Building dbt CI/CD at scale

Published in

Checkout.com-techblog

10 min readApr 25, 2023

At Checkout.com we heavily use Data Build Tool (dbt) as a tool for data transformation, which is a SQL-based open source tool enabling data analysts and engineers to transform, test and document data in the cloud data warehouse, which in our case is Snowflake. With over 27 dbt projects focusing on different aspects across the business, 100+ dbt developers contributing to these projects every week, 1000+ models running and extensive data volume floating each day (around 7bn API interactions per year) we are often faced with unique data challenges. Dbt provides a hosted solution: dbt Cloud. While this is a powerful tool for managing data pipelines, it has limitations on the level of customization available compared to running dbt on your own infrastructure. Therefore, to meet the requirements of each team, while ensuring only the highest quality of data is being pushed to the production environment to meet the data standards our stakeholders rightfully demand, we decided to develop our own dbt CI/CD pipeline architecture. We found that by leveraging GitHub Actions with Slim CI and customized workflow scripts we can enrich our dbt pipelines to meet the needs of all of the teams across Checkout.com.

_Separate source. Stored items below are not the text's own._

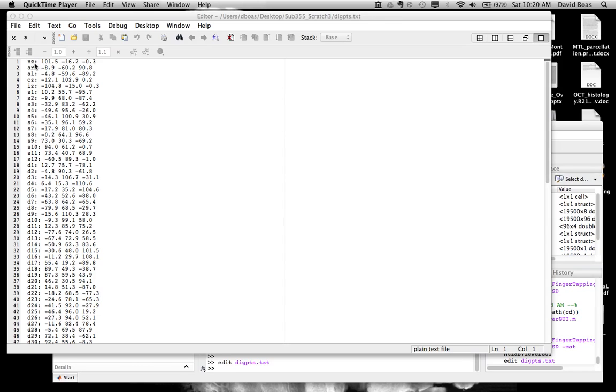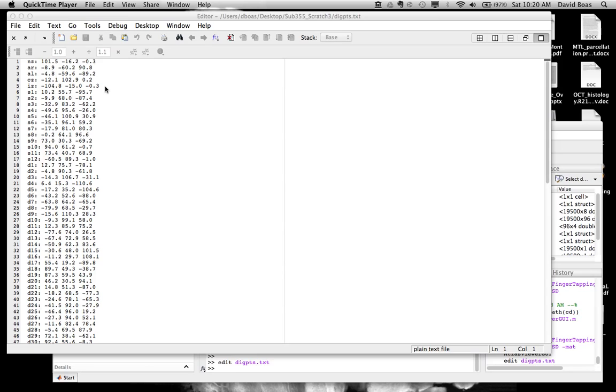So we've digitized the positions of NZ, AR, AL, CZ, and IZ. Those 5, 10, 20 landmarks are the minimum required in order to register the atlas to the subject.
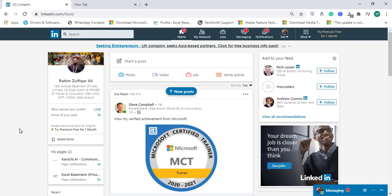Hi, this is Rahim Zulfiqareli from Excel Basement Private Limited. In this video, we will learn how to download or export the data from LinkedIn and create a dashboard in Microsoft Power BI regarding your LinkedIn profile analytics.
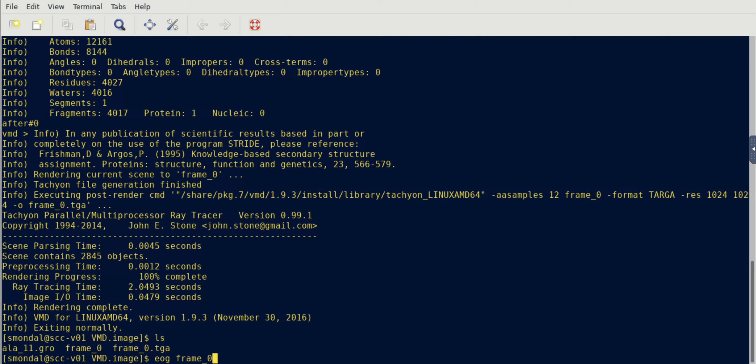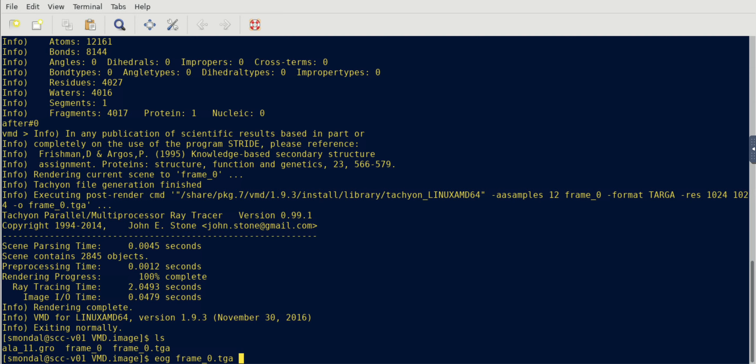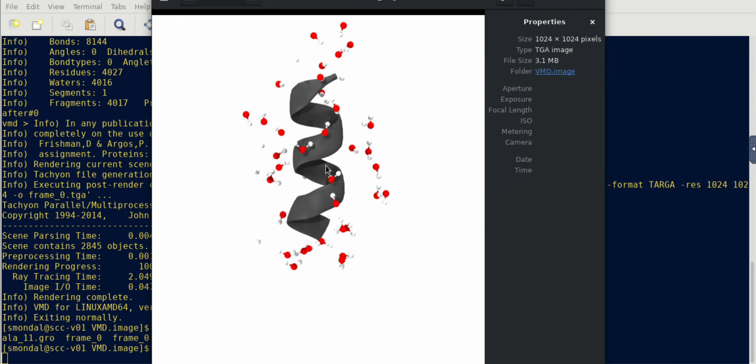So with that being said, let's start rendering. Once the rendering is complete you can close it, and you can see that frame0.tga file has been created.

This article will cover what CI/CD is, our linter of choice, how we bring the S3 bucket into action to take advantage of Slim CI and the overall design of the dbt pipeline within which we pause Airflow jobs and minimise our Snowflake costs in various ways.

dbt CI/CD overview

Continuous integration (CI) and continuous deployment (CD) within the dbt sphere refers to the data modelling development lifecycle. In short, it is an endless loop with steps aiming to improve the data in production. Each time a dbt developer writes a code, it is first built or compiled together to test their changes and look for any potential bugs. If correct, changes are deployed to production for the end users to benefit from the adjusted data. These are in the end monitored and the feedback is collected to plan further improvements and repeat the cycle. You may have come across the below graph that visually explains the process:

Pipeline overall design

The dbt CI/CD pipeline is centrally managed within the Company by the Data Platform team, which focuses on maximising the time business stakeholders spend on solving business problems and minimising time spent on technical details around the implementation, deployment, and monitoring of their solutions. We store the workflow scripts within the shared CI/CD library utilising GitHub Actions reusable workflows to avoid the need for each team of copying and pasting workflows across their repositories. Teams within their dbt repositories only need to specify a handful of workflow variables, which mainly allows them to have flexibility around some properties related to the workflow configuration such as the dbt version or dbt seeds deployment.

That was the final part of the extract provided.